*** RECORDS TO PROCESS ***
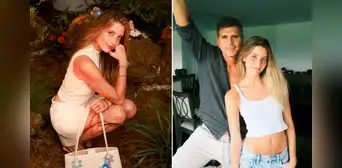 Gia, hija menor de Christian Meier, revela a qué se dedica en Lima tras graduarse de escuela en Londres: “(Mi familia) me ha ayudado un montón” Gia, hija menor de Christian Meier, revela a qué se dedica en Lima tras graduarse de escuela en Londres: “(Mi familia) me ha ayudado un montón”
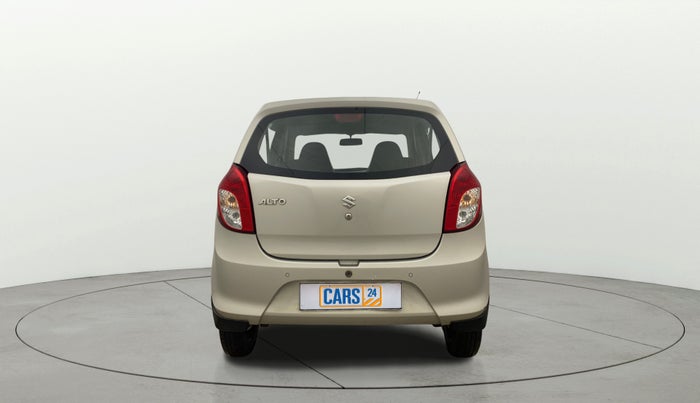2021 Maruti Alto VXI PLUS, Petrol, Manual, 19,584 km, Back/Rear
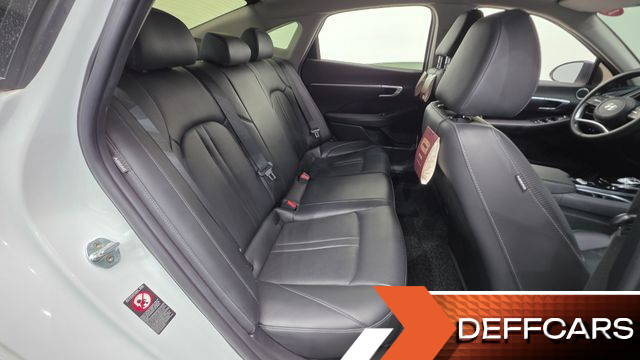 Hyundai SONATA 2.0 LPG(rental car) Smart купить на сайте DeffCars
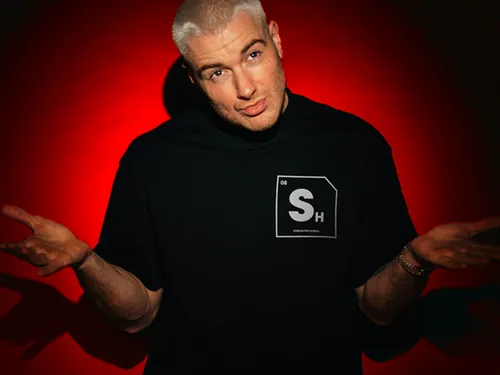 "Ferrari",  JAMES HYPE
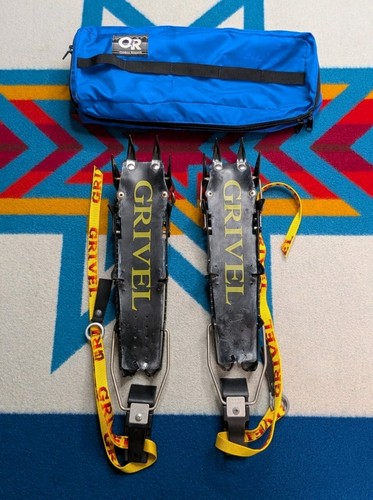 Grivel g12 crampon - grivel, 2f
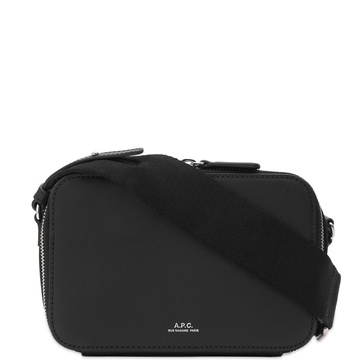 A.P.C. Soho Camera Bag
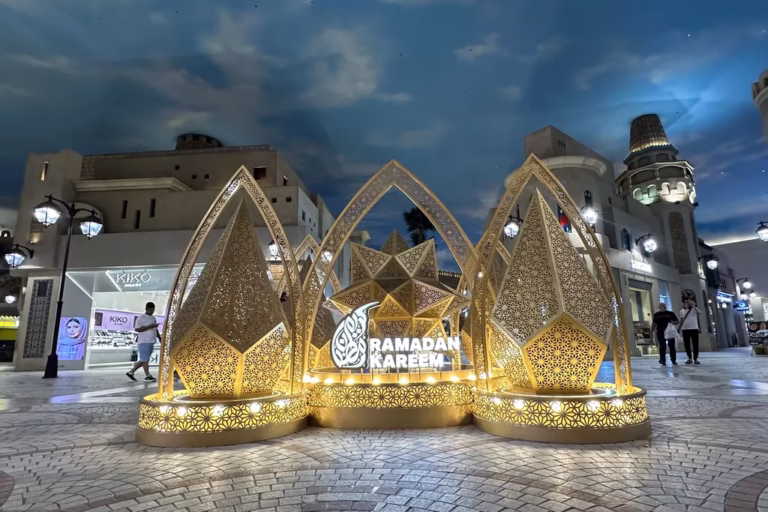 Rekomendasi 5 Tempat Untuk Bukber dengan Hidangan Timur Tengah di Jakarta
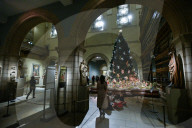 FEATURE - Weihnachtsdekoration in Manhattan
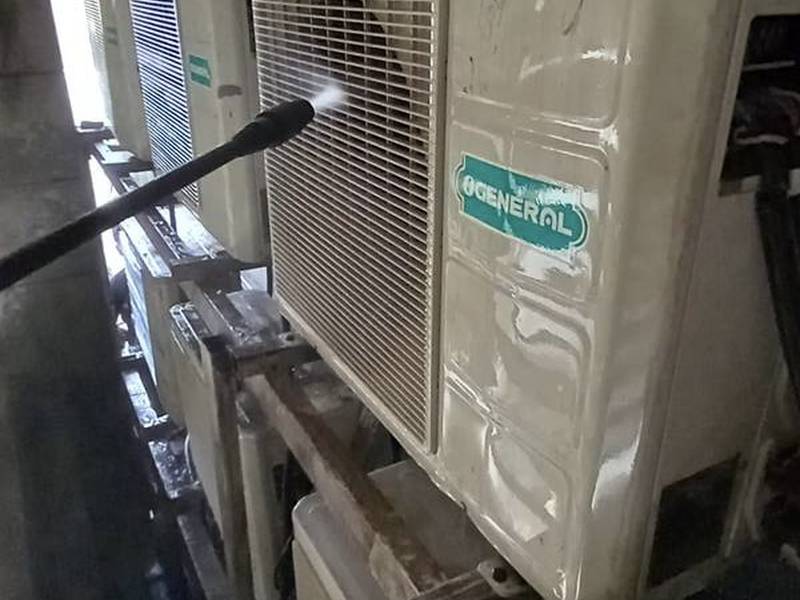 نصب اسپیلت اوجنرال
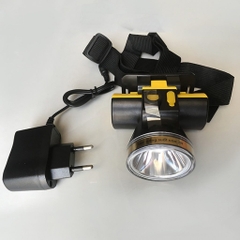 ĐÈN PIN ĐỘI ĐẦU LED COMET CRT1613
*** End of RECORDS TO PROCESS ***
* **WORK ORDER**: Only the lines from the line with "Hyundai SONATA 2.0" through the end of the records belong in your copy. Repeat them exactly, without pictures.

* **RESULT BELOW**:
 Hyundai SONATA 2.0 LPG(rental car) Smart купить на сайте DeffCars
 "Ferrari",  JAMES HYPE
 Grivel g12 crampon - grivel, 2f
 A.P.C. Soho Camera Bag
 Rekomendasi 5 Tempat Untuk Bukber dengan Hidangan Timur Tengah di Jakarta
 FEATURE - Weihnachtsdekoration in Manhattan
 نصب اسپیلت اوجنرال
 ĐÈN PIN ĐỘI ĐẦU LED COMET CRT1613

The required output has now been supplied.